(Records drawn from a dataset)
********

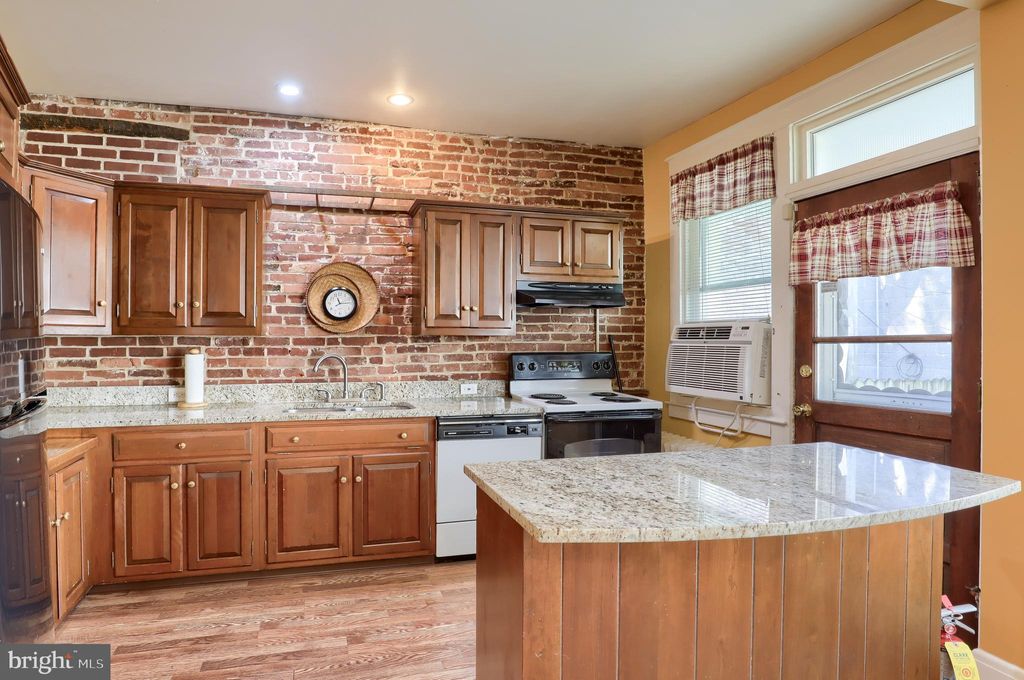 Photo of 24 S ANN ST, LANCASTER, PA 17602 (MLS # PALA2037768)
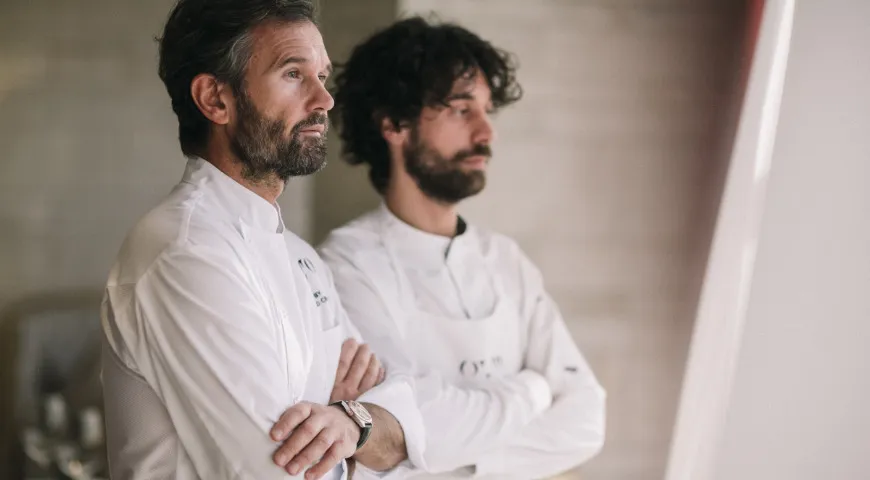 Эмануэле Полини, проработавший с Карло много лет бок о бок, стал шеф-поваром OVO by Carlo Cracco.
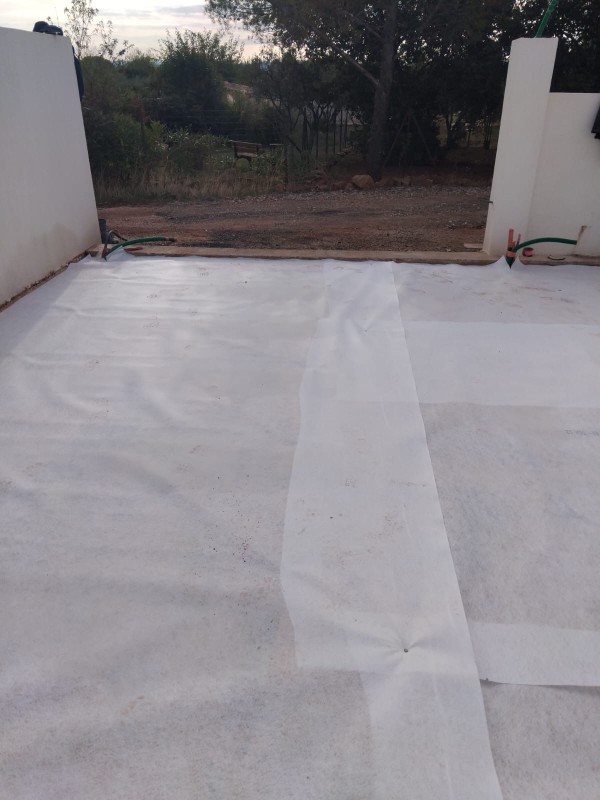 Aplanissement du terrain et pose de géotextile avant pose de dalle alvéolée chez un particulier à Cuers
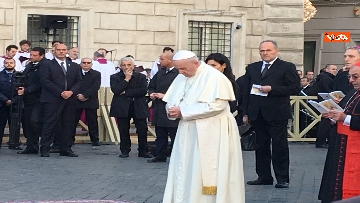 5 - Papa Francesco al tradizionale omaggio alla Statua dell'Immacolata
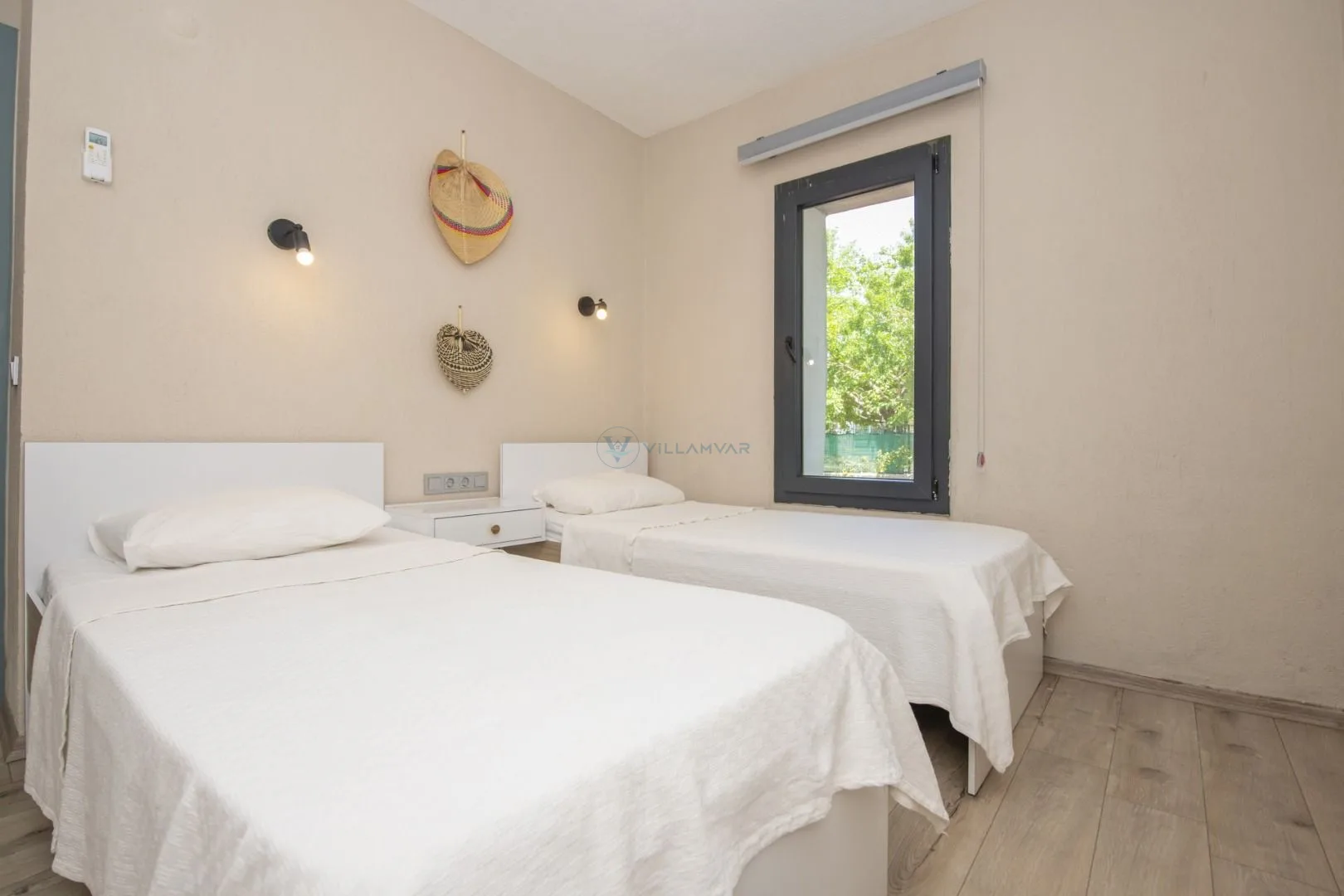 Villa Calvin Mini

********

_About this task_
Leave the pictures aside and transcribe only the lines from the one holding "Aplanissement du terrain" through the final line of the records above.

_Problem solution_
 Aplanissement du terrain et pose de géotextile avant pose de dalle alvéolée chez un particulier à Cuers
 5 - Papa Francesco al tradizionale omaggio alla Statua dell'Immacolata
 Villa Calvin Mini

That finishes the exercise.